Senate Minority Leader Mitch McConnell, R-Ky., is the exception to that exception: He is not retiring and has a primary challenge from a tea-party-backed candidate this fall. And yet, in a floor speech on Jan. 8, McConnell confessed that both parties are at fault for the current state of dysfunction in Congress.

Granted, he does not abandon his partisan lens in portraying the process used for passing Obamacare or Majority Leader Harry Reid’s unilateral change in filibuster rules last November. But he acknowledges that both sides use “theatrics and messaging wars that go on here day after day” and says that “show votes” have become “entirely too routine and it diminishes the Senate.” Over the past several years, he observes, “the Senate seems more like a campaign studio than a serious legislative body.”

Rather than replay the blame game, McConnell suggests returning to what the Senate does best and that is resolve legitimate differences between the parties through vigorous debate in which all 50 states are represented “and every single senator … has a say in the laws we pass here.”

He reminds his colleagues that the great laws of the past were not made by “throwing these bills together in a backroom and dropping them on the floor with a stopwatch running.” Instead they were made through “a laborious process of legislating, persuasion, and coalition building” that “took time and patience and hard work.” The Senate, he says, has “lost our sense for the value of that.”

That brings him to his three main recommendations: restoring the committee process, allowing senators to speak through an open amendment process, and putting in “a decent week’s work” right up to the end to get things done — “using the clock to force consensus.” He vows to return to all three practices if Republicans regain majority control next year.

A robust committee system has been lost, he says, even though it provides the best means of developing national policy, acting as a counterweight to the executive and serving as a school for bipartisanship. Likewise, an open floor amendment process that guarantees all senators and their constituents “a greater voice” is often denied today.

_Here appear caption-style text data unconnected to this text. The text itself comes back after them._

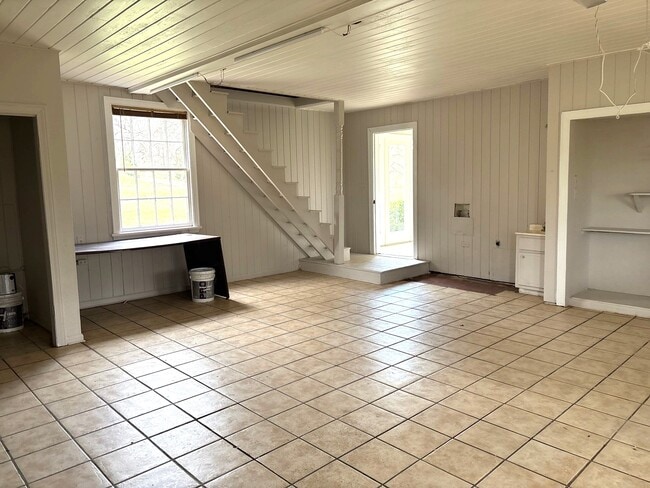 Building Photo - 234 Lackey Ln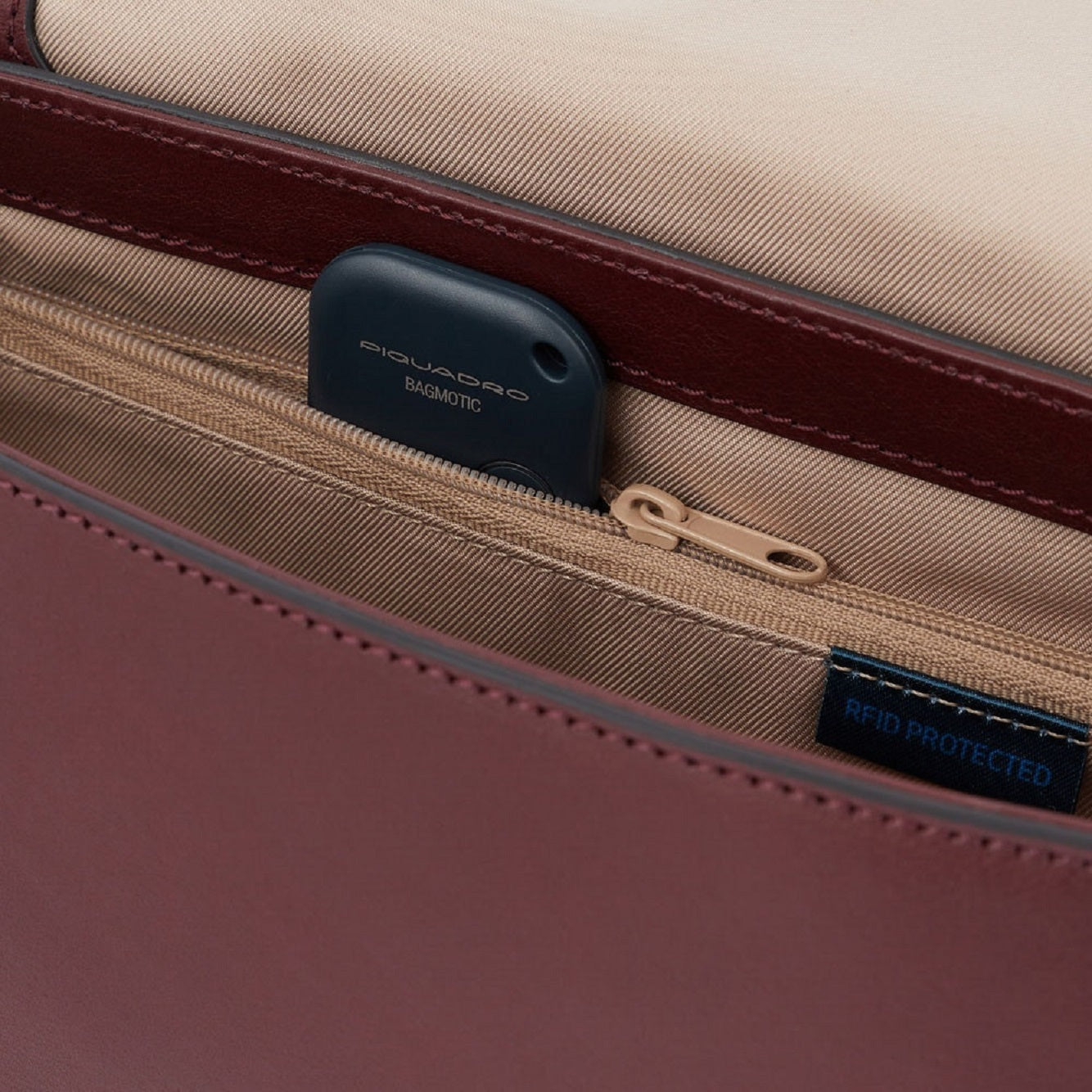 Bordeaux Leather Shoulder Bag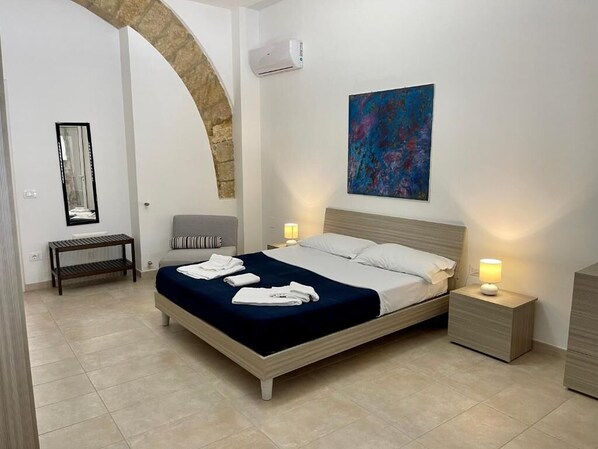 1 Schlafzimmer, Schreibtisch, Bügeleisen/Bügelbrett, Reisekinderbett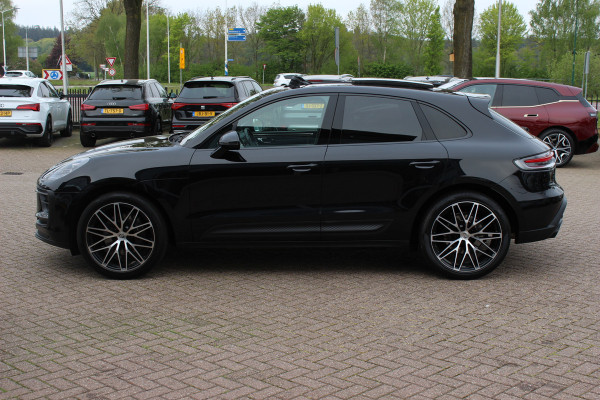 Porsche Macan 2.0 / Panoramadak / Camera / Carbon intr. / Matrix LED / Leder / 21'' / Sportchrono / Bose / CarPlay / Stoelventilatie+Verwarming / Stuurverwarming / Dodehoek / DAB / ACC
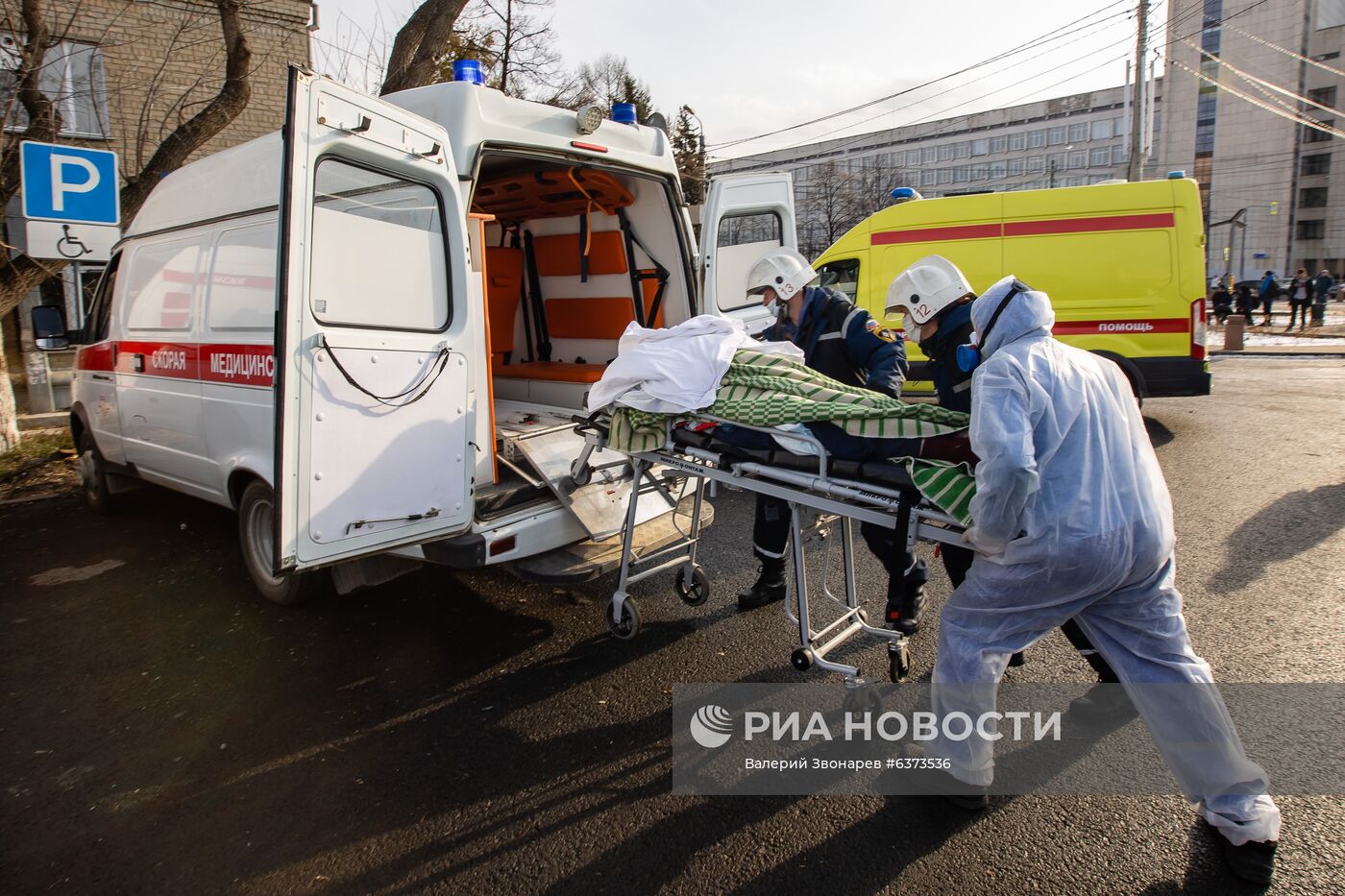 Последствия взрыва в больнице в Челябинске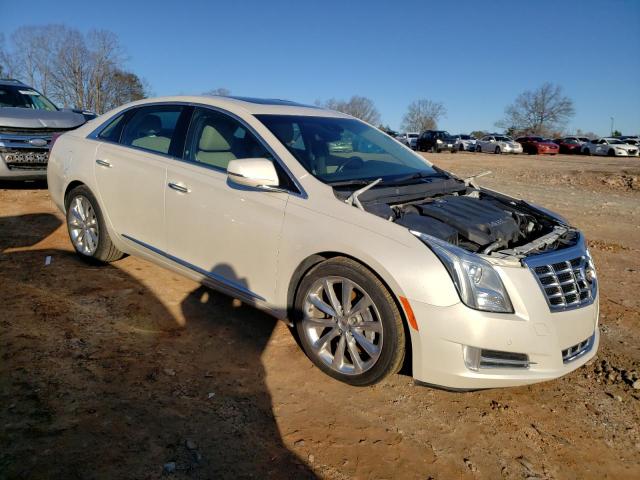 2G61P5S31D9234408 - 2013 CADILLAC XTS LUXURY COLLECTION WHITE photo 4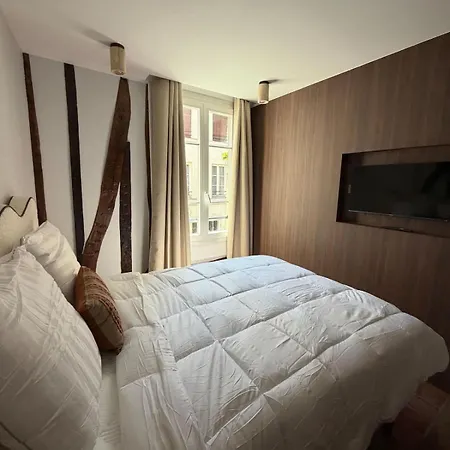 4 Couchages Marais - Place Des Vosges *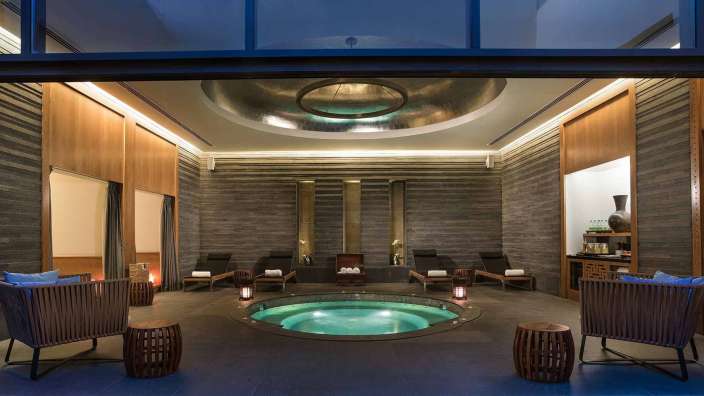 Ein großer Raum mit einem großen Pool in der Mitte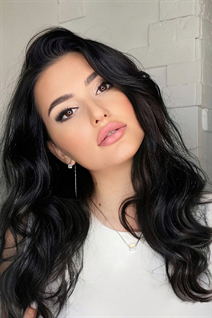 Fille ukrainienne julia de kharkov avec Brunette cheveux, âge 26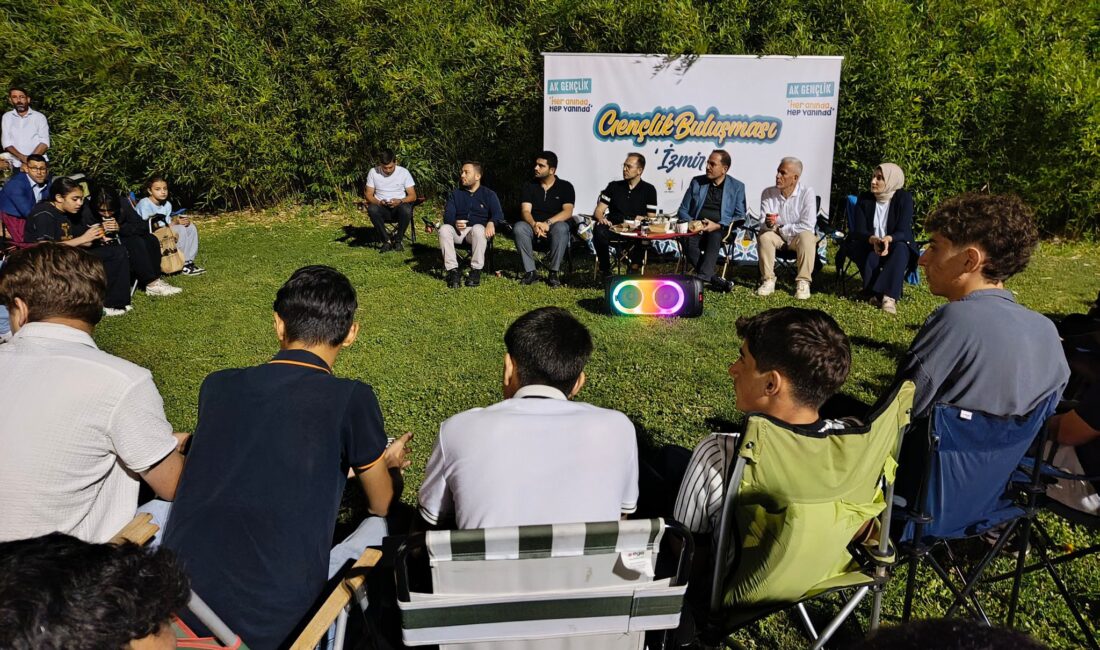 AK Parti Gençlik Kolları İzmir İl Başkanlığı, Kemalpaşa’da düzenlediği Gençlik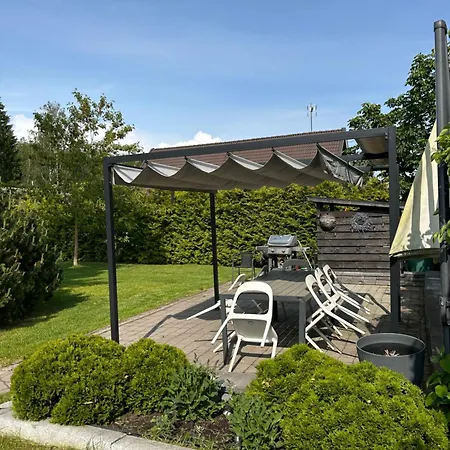 Large House - Sauna, Backyard & Tranquility Апартаменты *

Partisanship is not the problem, says McConnell. “The real problem has been a growing lack of confidence in the Senate’s ability to mediate the tensions and disputes we have always had around here.” There are many reasons for that, he says, but “ultimately both parties have to assume some of the blame.” It will take both parties, working together, to restore the institution. He reminds his colleagues that “it is during periods of its greatest polarization that the value of the Senate is most clearly seen.”

McConnell concludes his remarks by admitting that getting back to normal won’t happen overnight. “This is a behavioral problem,” he says, and “doesn’t require a rules change. We just need to act differently with each other, respect the committee process, have an open amendment process, and work a little harder.”

McConnell’s outrage is still evident over the majority leader’s use of the “nuclear option” last November to impose a new filibuster precedent. It is worth noting, however, that so far Republicans have not “blown up the place” in retaliation, as some Democrats vowed they would do nine years ago if the GOP majority had pulled the nuclear trigger. The Republicans’ response so far has been muted and measured while holding out an olive branch for greater floor amendment fairness.

McConnell’s Jan. 8 remarks are worth all senators’ reading because they offer a way to de-escalate the hyperpartisan warfare currently wracking Congress. If both parties step back from the jagged red line dividing them, they will be better positioned to shake hands instead of butt heads.

Don Wolfensberger is a resident scholar at the Bipartisan Policy Center, a senior scholar at the Woodrow Wilson Center and former staff director of the House Rules Committee.